ABOUT THIS TASK: Restate word for word the lines of the records below, starting at the line that contains "Hey, I'm Andrew" and ending at the line that contains "I'm not doing", with both of those lines included and nothing else.

++++++

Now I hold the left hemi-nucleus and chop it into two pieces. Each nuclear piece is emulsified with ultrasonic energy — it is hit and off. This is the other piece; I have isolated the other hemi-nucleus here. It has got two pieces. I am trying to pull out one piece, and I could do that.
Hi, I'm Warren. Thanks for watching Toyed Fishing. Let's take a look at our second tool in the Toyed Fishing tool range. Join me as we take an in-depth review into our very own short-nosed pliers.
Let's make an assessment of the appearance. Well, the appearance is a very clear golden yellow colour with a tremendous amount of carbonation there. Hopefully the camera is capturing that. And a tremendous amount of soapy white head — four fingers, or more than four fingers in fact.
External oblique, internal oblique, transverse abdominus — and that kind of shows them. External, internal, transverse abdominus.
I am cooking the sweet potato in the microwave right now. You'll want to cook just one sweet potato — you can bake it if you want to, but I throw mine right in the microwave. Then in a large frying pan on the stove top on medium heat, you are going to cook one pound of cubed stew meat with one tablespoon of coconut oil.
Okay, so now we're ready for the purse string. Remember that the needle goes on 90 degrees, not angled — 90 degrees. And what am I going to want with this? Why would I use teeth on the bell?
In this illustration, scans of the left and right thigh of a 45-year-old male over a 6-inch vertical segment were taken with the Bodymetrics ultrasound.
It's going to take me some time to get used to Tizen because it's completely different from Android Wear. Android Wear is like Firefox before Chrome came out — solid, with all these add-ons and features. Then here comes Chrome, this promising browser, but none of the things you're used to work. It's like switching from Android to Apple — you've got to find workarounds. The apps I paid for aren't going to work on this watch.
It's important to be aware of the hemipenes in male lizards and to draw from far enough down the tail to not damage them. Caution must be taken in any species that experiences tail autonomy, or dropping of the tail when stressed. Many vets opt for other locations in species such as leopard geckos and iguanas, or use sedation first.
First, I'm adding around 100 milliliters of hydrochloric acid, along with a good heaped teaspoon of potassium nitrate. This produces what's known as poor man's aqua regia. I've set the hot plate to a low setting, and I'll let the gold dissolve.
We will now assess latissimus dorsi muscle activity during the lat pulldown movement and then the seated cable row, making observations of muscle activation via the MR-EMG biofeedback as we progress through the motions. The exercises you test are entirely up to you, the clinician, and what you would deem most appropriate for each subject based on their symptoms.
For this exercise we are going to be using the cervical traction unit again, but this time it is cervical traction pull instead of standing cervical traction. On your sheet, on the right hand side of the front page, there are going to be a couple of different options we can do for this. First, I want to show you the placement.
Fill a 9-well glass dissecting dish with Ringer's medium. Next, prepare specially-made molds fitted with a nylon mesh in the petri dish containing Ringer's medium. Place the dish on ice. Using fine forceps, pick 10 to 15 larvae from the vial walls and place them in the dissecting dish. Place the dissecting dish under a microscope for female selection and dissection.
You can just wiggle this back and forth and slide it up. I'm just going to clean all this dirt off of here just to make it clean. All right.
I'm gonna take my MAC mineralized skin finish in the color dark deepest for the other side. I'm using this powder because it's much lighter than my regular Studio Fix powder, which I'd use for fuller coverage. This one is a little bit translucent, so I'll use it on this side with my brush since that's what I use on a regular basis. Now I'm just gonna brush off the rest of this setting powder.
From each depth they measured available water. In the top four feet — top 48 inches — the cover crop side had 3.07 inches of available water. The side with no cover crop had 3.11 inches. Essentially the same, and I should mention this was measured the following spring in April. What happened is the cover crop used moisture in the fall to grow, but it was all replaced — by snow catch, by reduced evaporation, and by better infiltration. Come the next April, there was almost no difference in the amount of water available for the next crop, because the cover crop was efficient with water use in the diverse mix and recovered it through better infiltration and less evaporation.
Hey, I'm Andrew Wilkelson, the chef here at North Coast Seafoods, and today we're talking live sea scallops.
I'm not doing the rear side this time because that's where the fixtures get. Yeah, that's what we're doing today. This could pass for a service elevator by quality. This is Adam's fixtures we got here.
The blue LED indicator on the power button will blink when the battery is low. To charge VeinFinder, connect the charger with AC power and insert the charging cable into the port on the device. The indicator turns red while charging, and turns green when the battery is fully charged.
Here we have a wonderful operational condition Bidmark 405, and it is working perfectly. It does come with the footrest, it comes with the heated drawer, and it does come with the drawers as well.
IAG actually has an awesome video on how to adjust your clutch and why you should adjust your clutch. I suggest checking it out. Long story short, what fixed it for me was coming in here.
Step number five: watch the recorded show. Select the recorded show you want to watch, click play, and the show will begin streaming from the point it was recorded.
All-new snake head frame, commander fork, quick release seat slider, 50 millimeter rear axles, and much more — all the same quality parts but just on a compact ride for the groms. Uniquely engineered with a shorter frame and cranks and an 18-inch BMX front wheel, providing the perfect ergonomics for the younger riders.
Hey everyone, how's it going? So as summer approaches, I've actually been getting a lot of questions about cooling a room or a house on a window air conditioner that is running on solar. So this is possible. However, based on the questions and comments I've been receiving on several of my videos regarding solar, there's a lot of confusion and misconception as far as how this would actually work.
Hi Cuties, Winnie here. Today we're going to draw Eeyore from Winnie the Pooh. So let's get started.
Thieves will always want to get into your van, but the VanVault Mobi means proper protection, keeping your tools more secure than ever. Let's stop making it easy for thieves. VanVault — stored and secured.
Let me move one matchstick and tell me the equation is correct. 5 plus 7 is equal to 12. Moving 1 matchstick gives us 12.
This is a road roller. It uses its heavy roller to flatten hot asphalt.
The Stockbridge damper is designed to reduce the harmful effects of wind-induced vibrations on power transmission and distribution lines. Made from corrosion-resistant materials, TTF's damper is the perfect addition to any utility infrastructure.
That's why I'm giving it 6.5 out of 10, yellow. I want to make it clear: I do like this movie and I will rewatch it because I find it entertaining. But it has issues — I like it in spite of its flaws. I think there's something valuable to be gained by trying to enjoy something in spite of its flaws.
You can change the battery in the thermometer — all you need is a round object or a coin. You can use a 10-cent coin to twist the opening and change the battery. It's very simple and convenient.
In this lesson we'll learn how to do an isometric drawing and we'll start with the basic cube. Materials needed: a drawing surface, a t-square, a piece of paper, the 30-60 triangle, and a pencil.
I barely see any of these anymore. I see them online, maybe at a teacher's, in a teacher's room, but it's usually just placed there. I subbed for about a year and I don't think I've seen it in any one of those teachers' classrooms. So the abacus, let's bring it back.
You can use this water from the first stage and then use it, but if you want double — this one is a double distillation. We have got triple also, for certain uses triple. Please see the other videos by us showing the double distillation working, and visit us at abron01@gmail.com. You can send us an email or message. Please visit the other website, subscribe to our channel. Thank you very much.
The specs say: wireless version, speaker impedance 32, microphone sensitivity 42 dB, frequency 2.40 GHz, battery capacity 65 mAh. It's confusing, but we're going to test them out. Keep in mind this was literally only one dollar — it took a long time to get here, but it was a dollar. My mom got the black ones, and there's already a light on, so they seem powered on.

++++++

EXPECTED ANSWER:
Hey, I'm Andrew Wilkelson, the chef here at North Coast Seafoods, and today we're talking live sea scallops.
I'm not doing the rear side this time because that's where the fixtures get. Yeah, that's what we're doing today. This could pass for a service elevator by quality. This is Adam's fixtures we got here.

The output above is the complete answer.